Tytułowe określenie odnosi się do tajemniczej chwili tuż przed śmiercią i dotyczy czasów wojennych, gdy wkraczający w dorosłość poeta musiał odnaleźć się w rzeczywistości powstańczej (w innym liryku nazywa swoją współczesność słowami taki to mroczny czas).
Sytuacja liryczna budzi grozę: drzwi się wydęły i zgasły, czyli wszystko rozgrywa się za zamkniętymi drzwiami. Cień pokrywa twarz postaci, wszędzie panuje huk i rozprzestrzenia się ogień, gdy nagle spada bomba i ktoś krzyczy zza ściany. Ten dźwięk jest krótki i stłumiony przez ściany. Sekundę potem po jego autorze pozostaje tylko niezidentyfikowane ciało:
Oto jest chwila bez imienia
wypalona w czasie jak w hymnie.
Zaznacza ona swoje imię Nitką krwi (…) za wozem, na którym leżą zwłoki zabitego.

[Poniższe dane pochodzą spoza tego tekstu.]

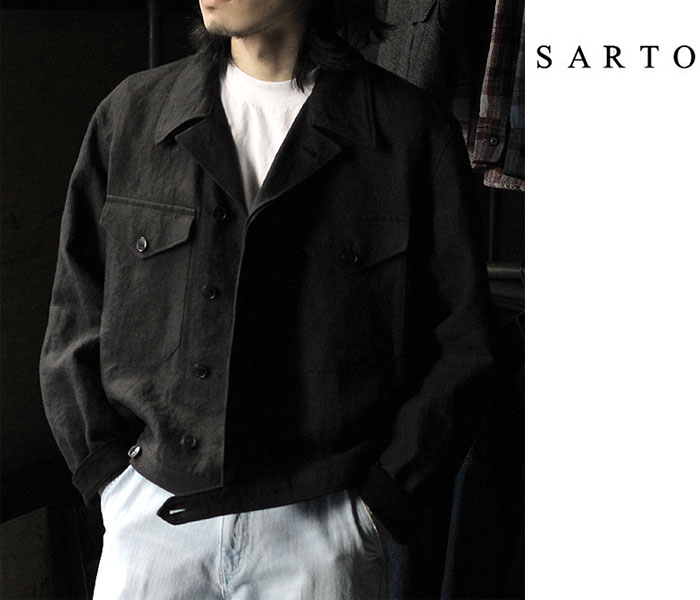 サルト SARTO ヘビー ヘンプ アイゼンハワー ジャケット HEAVY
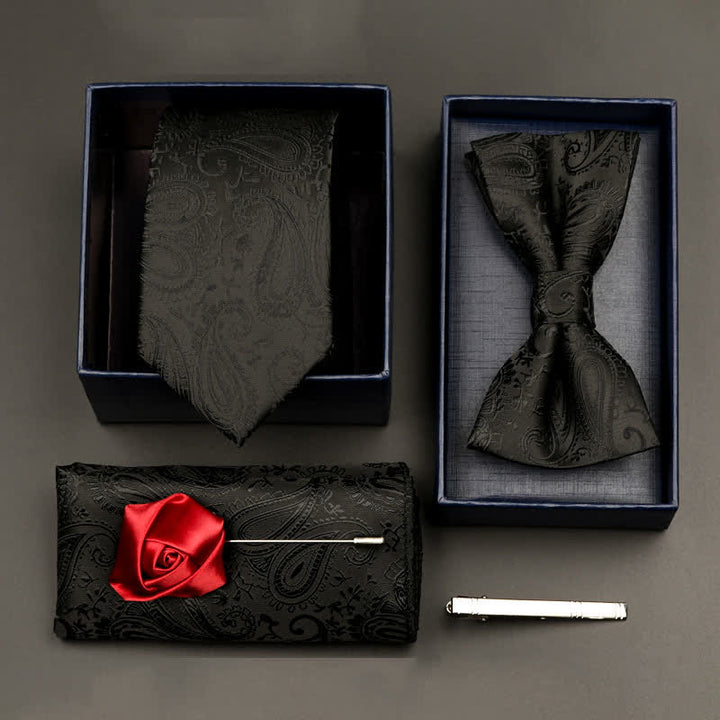 5Pcs Men's Formal Business Necktie Bow Tie Set - Style #6 - image 6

Wiersz zaliczany do liryki refleksyjnej jest krótki, składa się zaledwie z 3 strof, a podmiot liryczny nie ujawnia się bezpośrednio, lecz mimo tego jego wymowa jest bardzo mocna. Baczyński oddał grozę wojny, okrucieństwo bombardowania i nagłość i nieodwracalność śmierci, która jest zawsze obecna w egzystencji człowieka - rodząc się, jest na nią skazany:
Oto jest chwila bez imienia
wypalona w czasie jak w hymnie.
Rezygnacja z „nazwania” śmierci po imieniu jest dowodem na to, że Baczyński zdawał sobie sprawę, że rzeczy niedookreślonie wydają się mniej straszne, niże te, które posiadają „imię”.